В душе Пол торжествовал. Он наделил Марстона симптомами и превратил его в неврастеника. Саймон спросил:
— Кстати, а ты Дева?
— Кто?
— Девственник?
Пол залился краской.
— Кажется, да.
— Но ты же должен знать, девственник ты или нет.
— Тогда девственник. А ты?
— Едва ли можно побывать в Берлине (куда в силу некоего странного умопомрачения — наверняка они окончательно спятили — родители отправили меня, когда мне было семнадцать) и остаться девственником. Единственное Подходящее Место для Секса — это Германия. Англия — страна Никчемная.
Пол не нашелся, что на это сказать. Он спросил:
— Может, сходим в книжную лавку Блэкуэлла? Я хочу купить «Святой лес». — Саймон говорил ему, что единственная из изданных после войны книг критических статей, к которой Не Противно Притронуться, — это «Святой лес» Т. С. Элиота.
Выйдя через час от Блэкуэлла, они столкнулись на Брод-стрит с Марстоном. Пол представил Марстона Саймону, который воззрился на парня с нескрываемым любопытством.

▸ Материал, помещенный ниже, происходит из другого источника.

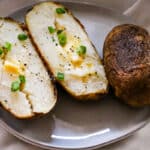 baked potatoes on a plate with butter and green onions.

— Пол о тебе рассказывал, — сказал он.
— Ах! — с изумленным видом воскликнул Марстон.
— Увидимся на будущей неделе, Пол, — сказал Уилмот и удалился.
Зайдя в очередной раз к Саймону, Пол спросил, какого тот мнения о Марстоне. Скосив глаза на кончик собственного носа, Уилмот сказал:
— Авиатор в Шлеме.
— Он тебе понравился?
— Похоже, он Очень Славный, — вымолвил с презрительной холодностью Уилмот. — Теперь понятно, почему ты к нему тянешься.
— Почему же?
— Потому что ты понимаешь, что он бывает счастлив только в десяти тысячах футов над землей. Вы с ним очень похожи, — загадочно добавил он.
— Чем же? Я всегда считал, что мы совершенно разные.
— Вы оба Тянетесь к Небесам. Потому вы и такие высокие. Вам хочется удрать подальше от собственных Яиц. Он тебе нравится, потому что он к тебе равнодушен. Равнодушие Всегда тебя Привлекает. Оно Неотразимо. Ты страшишься физического контакта и поэтому влюбляешься в людей, с которыми чувствуешь себя в безопасности.
— То есть, по-твоему, Марстону я не нравлюсь?
— Думаю, он мог бы полюбить тебя за то, что ты считаешь его Интересным. В конце концов, мало кто из нас так считает.
— Ну и что же мне делать?
— Ты должен открыть ему свои чувства, этого не избежать. — С видом ученого, рассматривающего некий образец, Уилмот искоса взглянул на ковер.
С таким чувством, что это в последний раз, Пол пригласил Марстона прогуляться по Оксфорд-парку. Недоверчиво взглянув на него, Марстон помедлил, а потом беззаботным и решительным тоном сказал:
— Ладно, старичок, согласен.
Они дошли до маленькой речушки Черуэлл и уселись на скамейку.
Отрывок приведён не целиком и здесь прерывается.